Celia Briar – “Eleanor Plunkett”.

Hey people! 🙂

Not long ago, I shared with you a harp piece performed by Sue Richards and composed by Irish national bard and composer who was also a harper – Turlough O’Carolan. – Today, I’m sharing another tune that was composed by him and that is one of his most popular compositions, very frequently played by harpers and harpists. The version I chose to share with you is by Celia Briar, whose music I’ve also shared with you quite a few times before. From what I’ve read, it used to be a song with Irish Gaelic lyrics, which are now unknown. O’Carolan wrote this song in praise of Eleanor Plunkett from Robertstown in co. Meath.
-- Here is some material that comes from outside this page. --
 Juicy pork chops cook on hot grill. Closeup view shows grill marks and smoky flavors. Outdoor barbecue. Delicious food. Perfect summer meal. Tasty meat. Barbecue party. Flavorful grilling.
Song of the day (8th November) – Sue Richards – “Clergy’s Lamentation”.

Hi people! 🙂

So I’ve shared a lot of harp music – especially Celtic harp music – with you lately, but as far as I can remember I haven’t shared anything at all from the rich legacy of the most famous Celtic harpist ever – Turlough O’Carollan. – It’s quite funny that people always associate harp, be it classical or Celtic or any other, primarily with women, and these days it’s mainly women playing this instrument and seems very unusual when it’s otherwise, while the most famous Irish Celtic harper was male. Turlough O’Carolan was born in late 17th century, and was a harper, composer and also a singer. He is regarded as Ireland’s national composer. At the age of eighteen he was blinded by smallpox. He spent most of his life journeying through the country on horseback, composing and playing his music.

A lot of contemporary harpists play his tunes, and this piece is no exception. I am sharing it with you performed by Sue Richards – Celtic harpist from North Carolina – but I’ve heard quite a few other versions. In Sue Richards’ version, there are also other instruments as you’ll be able to hear, which makes it feel nicely richer.